Вот как об этом рассказывает он сам в своем разговоре с Панфиловым в Риме, и очень показательны реплики Ларисы:

А. Тарковский: Юсов меня просто предал. Правда, ядол-жен был работать не только с ним, но и с его женой звукооператором, которая мне не нравилась. А она ему сказала: «Зачем тебе работать на Тарковского? Чтобы он потом ездил получал премии на фестивалях?» Ну ладно, это бабы, но когда он… оператор-постановщик, с которым мы уже работали, приходит на худсовет на обсуждение сценария «Зеркала» и просит, заглядывая в дверь, выйти с ним поговорить…

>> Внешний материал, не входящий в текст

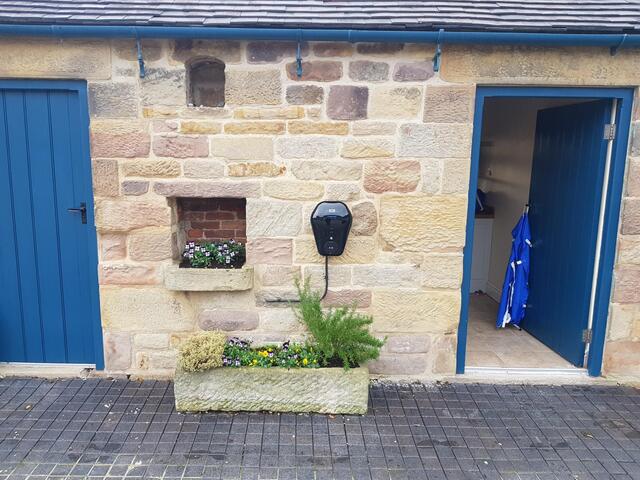 EV charger on the outbuilding wall in the courtyard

Лариса: Нет, Андрей, это было позднее, на запуске…

А. Тарковский: Да, он приходит в день, когда я должен был подписать акт о запуске…

Лариса: Именно, Андрей, поэтому тогда фильм не запустили…

А. Тарковский: Погодите, Лара, погодите! Тогда Юсов мне сказал: «Андрей, я не буду снимать твою картину», то есть это было сознательное предательство, то есть сказать мне такое в такой день, то есть заявить, что у меня нет оператора, означало практически закрытие картины. Расчет на мой провал. Для того, чтобы попытаться выйти из положения, мне нужно было хватать немедленно первого попавшегося оператора. Но Бог есть! Ты знаешь, у меня вообще всегда при самых страшных обстоятельствах возникают какие-то неожиданные внутренние силы, и я, не моргнув глазом, говорю ему: «Ну, что же делать? Хорошо!» А он мне начинает какую-то лапшу на уши вешать вроде какого-то болгарина, чепуху лепить, понимая, что он оставляет меня в одиночестве. А я ему говорю только: «Хорошо, хорошо!»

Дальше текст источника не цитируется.